As you write out the lines from the one containing "Python programming language logo" through the last line of the records, keep them exact and leave out pictures.

■ **Provided records**:
────
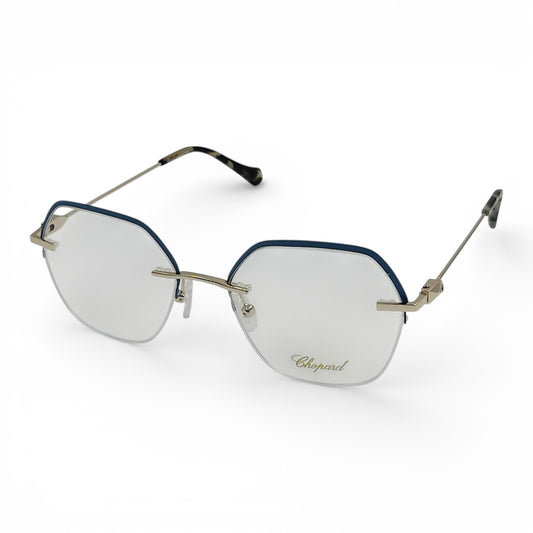Lunettes de Vue : Shopard demi PRC Doré bleu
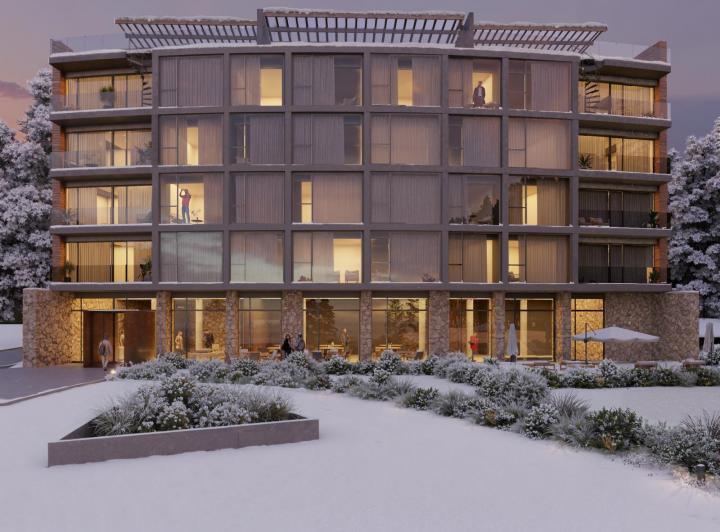 Desarrollo vertical · Eik Inspired Suites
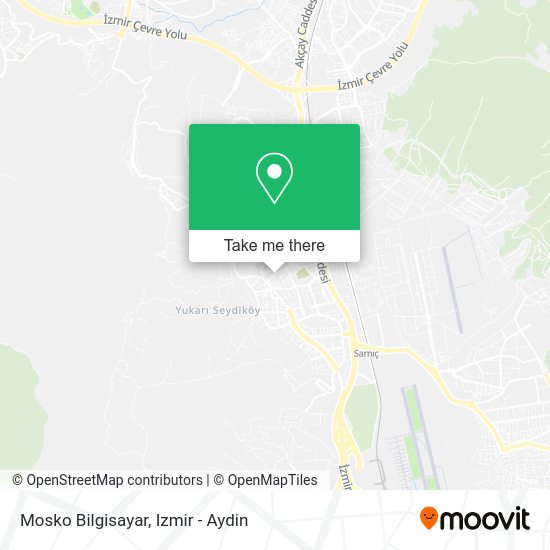 Mosko Bilgisayar map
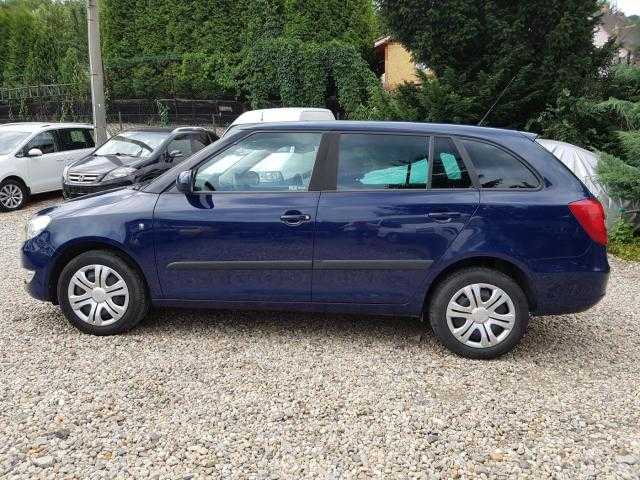 Škoda Fabia kombi 63kW benzin 2013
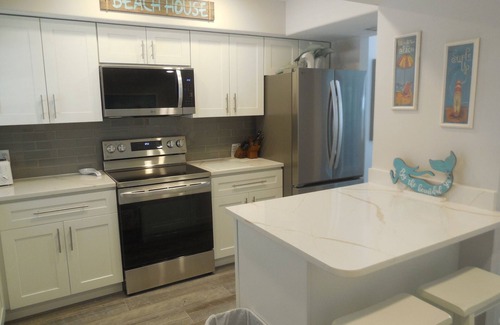 Siesta Key Condominio | 2 lados de Palm Bay Club -2 BR / BA Golfo -Club suite actualizada recientemente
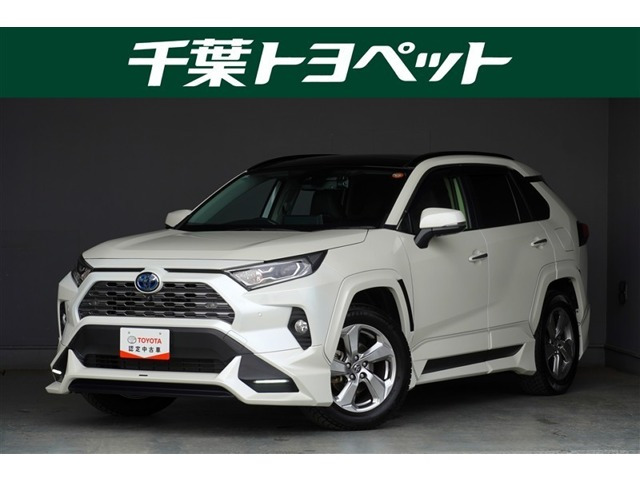 RAV4 2.5 ハイブリッド G E-Four 4WD 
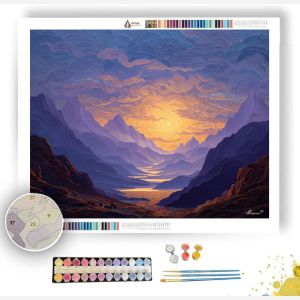 THE MYSTIC PATH - Paint by Numbers Full Kit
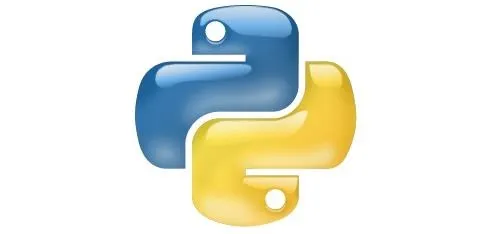 Python programming language logo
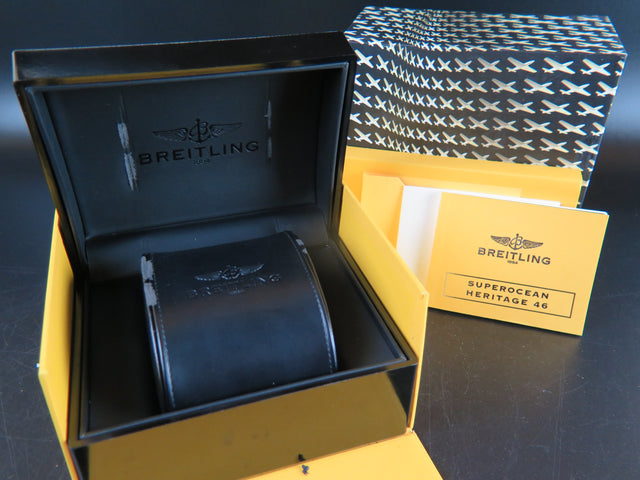 Breitling Box set for Superocean Heritage 46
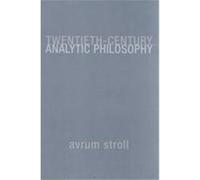 Twentieth-Century Analytic Philosophy Avrum Stroll (Auteur)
────
■ **Solution for this exercise**:
 Python programming language logo
 Breitling Box set for Superocean Heritage 46
 Twentieth-Century Analytic Philosophy Avrum Stroll (Auteur)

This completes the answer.